Tomb of Khan-e-Jahan Bahadur Kokaltash () is a 17th-century tomb of a Mughal governor that is located in Mohalla Ganj, in the Pakistani city of Lahore.

History 
Khan-e-Jahan Bahadur Zafar Jung Kokaltash served as Mughal Sūbehdar (governor) of Lahore from 11 April 1691 – 1693. In mid of 1693, Emperor Aurangzeb Alamgir dismissed him from this office. Four years later, Khan-e-Jahan died on 23 November 1697 in Lahore and buried the location of this tomb.

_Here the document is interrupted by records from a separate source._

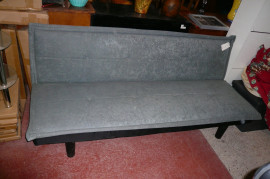 
                                                                        Meuble
                                                                         Banquette lit grise, neuve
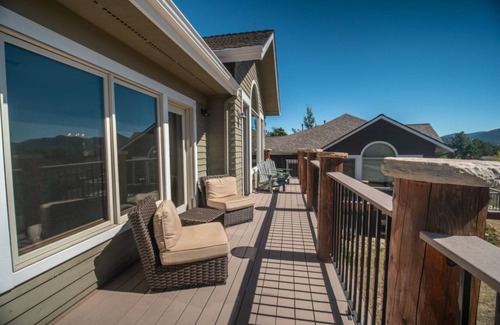 Stanley Hills Condo | Stay in our Feng Shui retreat that you will never want to leave!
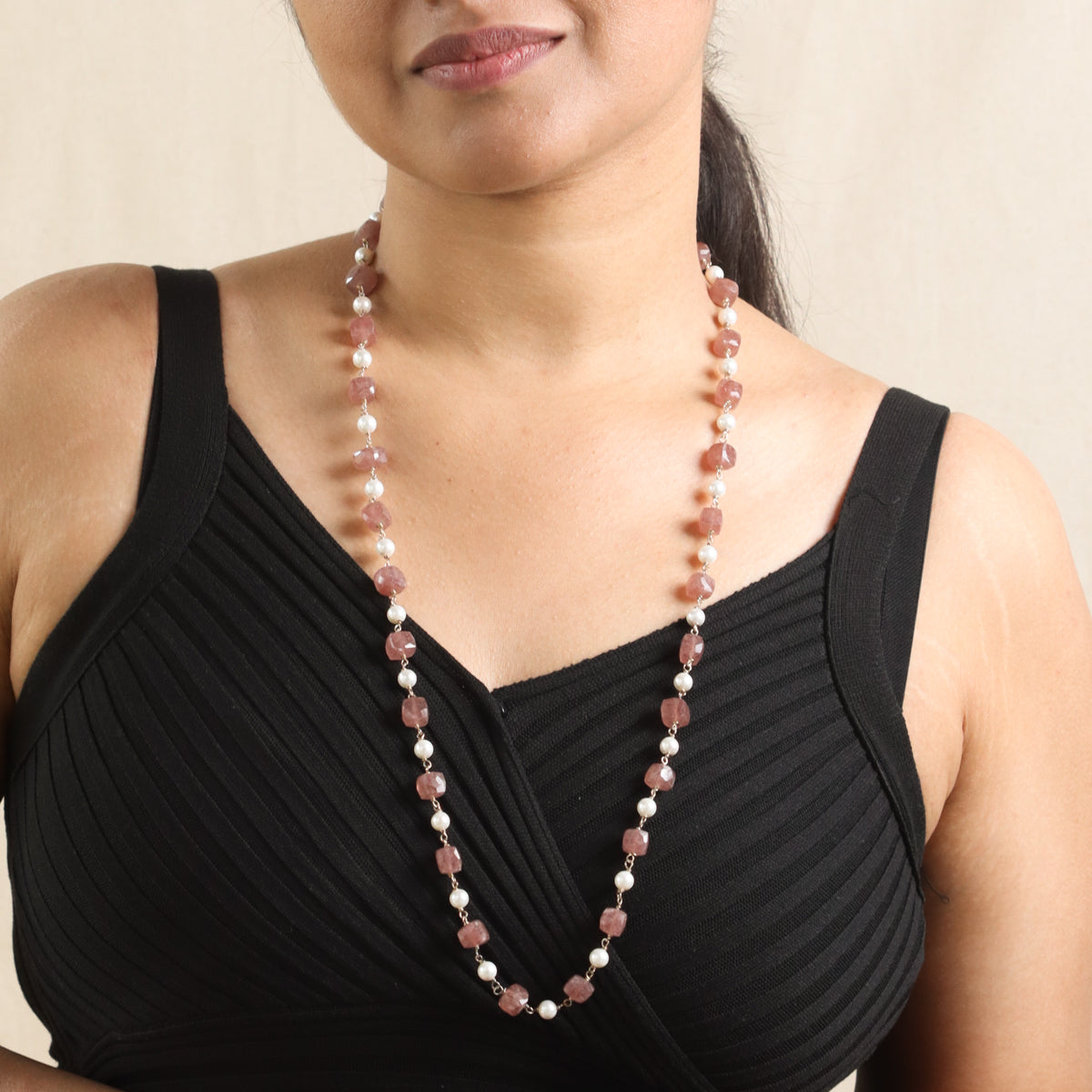 Strawberry Quartz and Pears Silver Necklace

Historic evidences are obscure about Khan-e-Jahan. Historians have different views about that who is buried here. Historian Kanhaiya Lal give remarks that he was a Vizier and Umrā-ul-Umrā during the reign of Mughal Emperor Akbar and he died in 1602. But in later Mughal History, we can find who is buried here?. He was a great noble-man, named Khan-e-Jahan Bahadur Zafar Jung Kokaltash, during the reign of Mughal Emperor Aurangzeb. Mostly historians disagree from Kanhaiya Lal's historic remark. Historian Noor Ahmed Chishti have not written any view about Khan-e-Jahan Bahadur in his "Tehqeeqt-e-Chishti", but only wrote about tomb's structure.

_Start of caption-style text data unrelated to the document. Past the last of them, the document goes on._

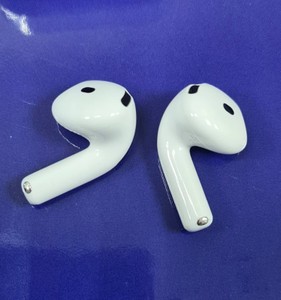 Б/в Навушники Apple airpods 4 01-201042684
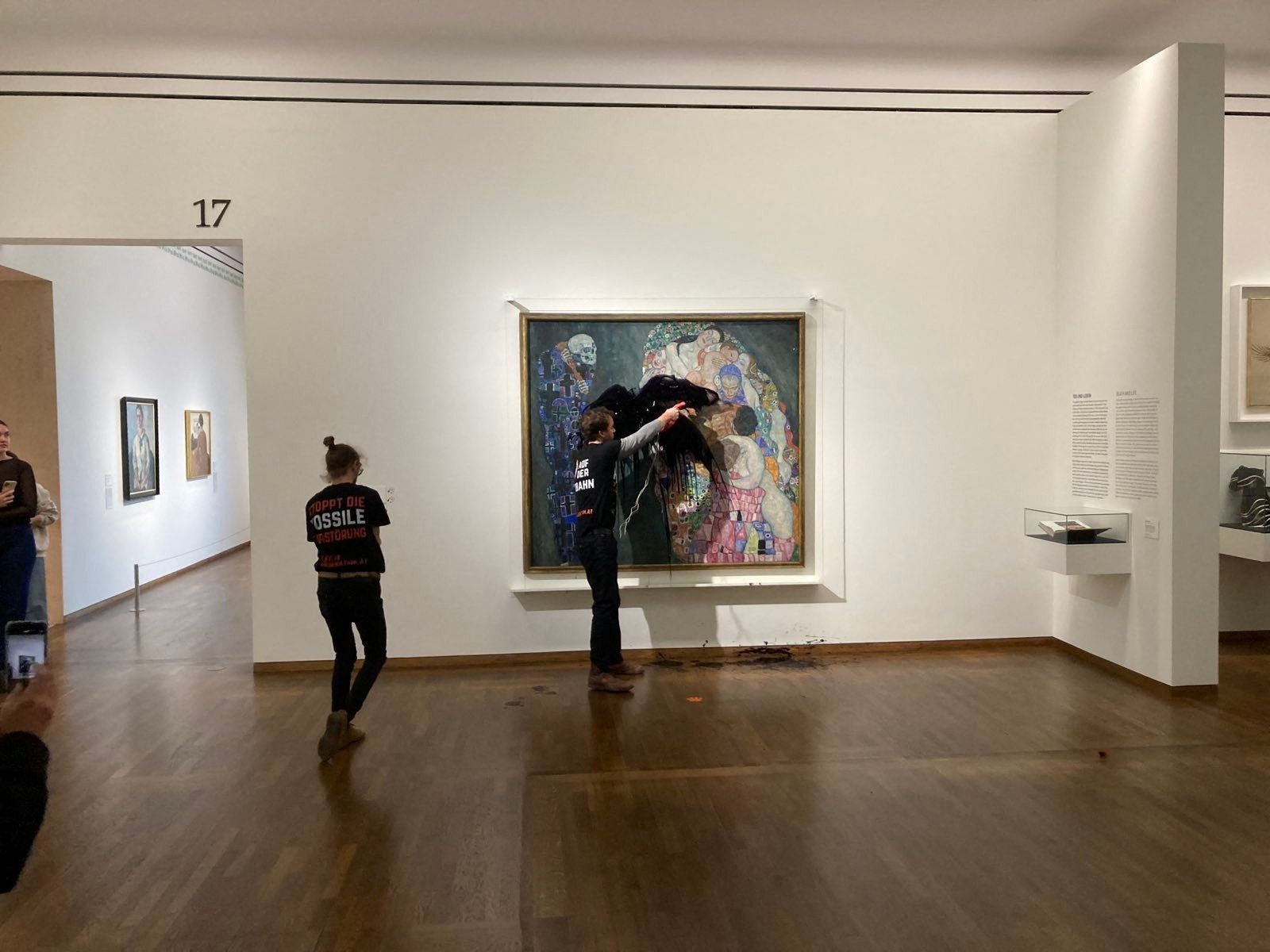 Manifestantes jogam líquido preto em quadro de Klimt em Viena Reprodução/REUTERS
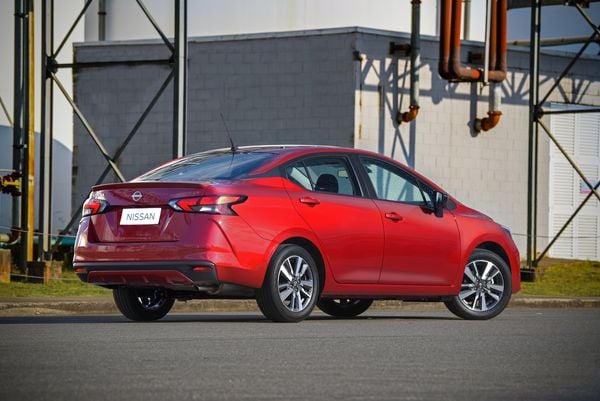 Nissan Versa 2025 SR
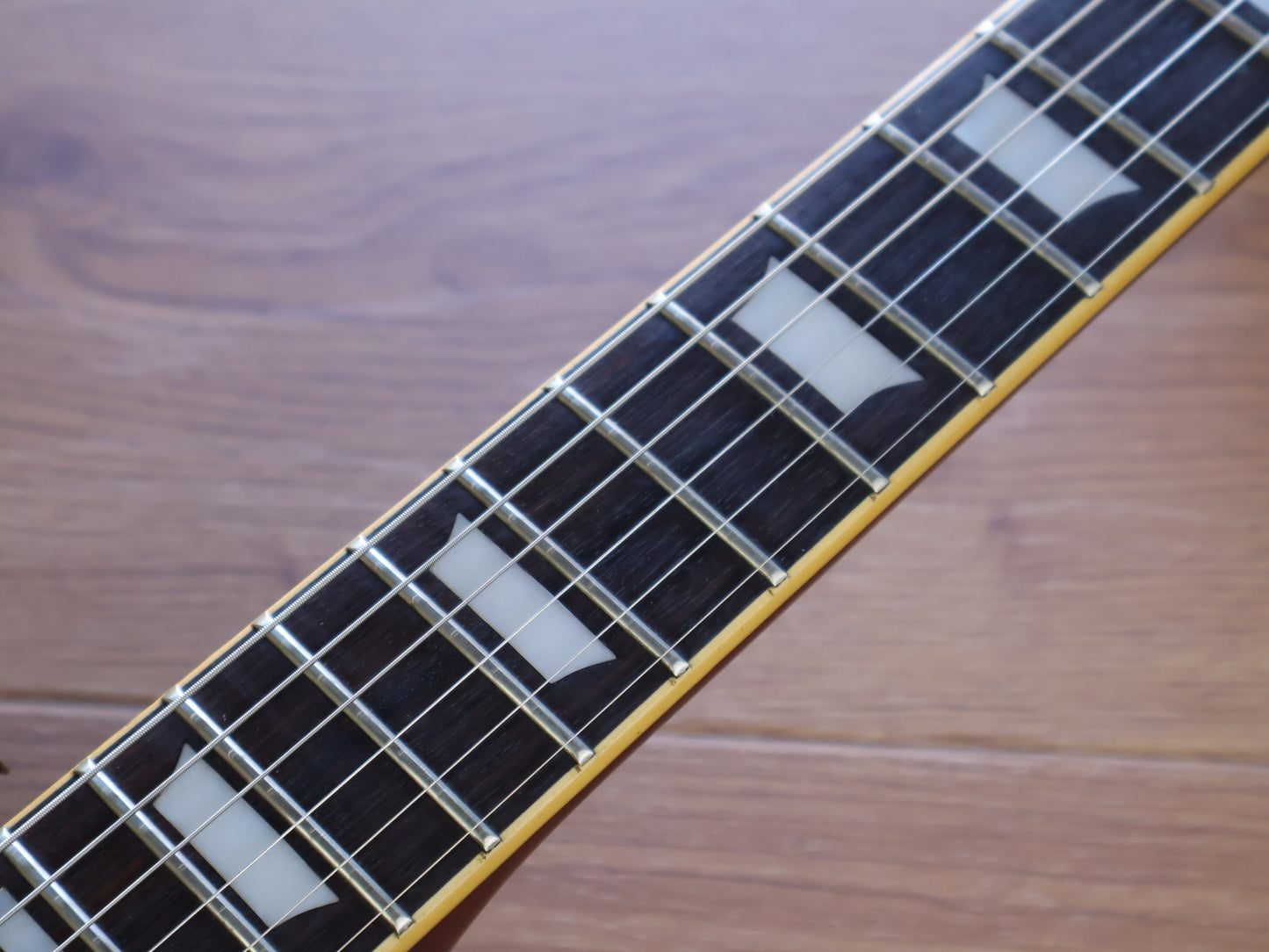 1970’s Aria Pro II Japan LS-400 Les Paul Standard (Sunburst)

The grave of Khan-e-Jahan was demolished in Ranjit Singh's Era. When the Sikh Empire collapsed in 1849, and construction of Lahore Cantonment  was in underway, Some English chiefs converted this tomb into Dancing House. It is one of the last tomb, who built in the late era of Aurangzeb.

Structure 
The tomb was built in 1697–1698, After the death of Khan-e-Jahan. But certain years of construction are unknown. It is built on an octagonal platform by bricks and marble. The tomb is composed in octagon shape of architecture.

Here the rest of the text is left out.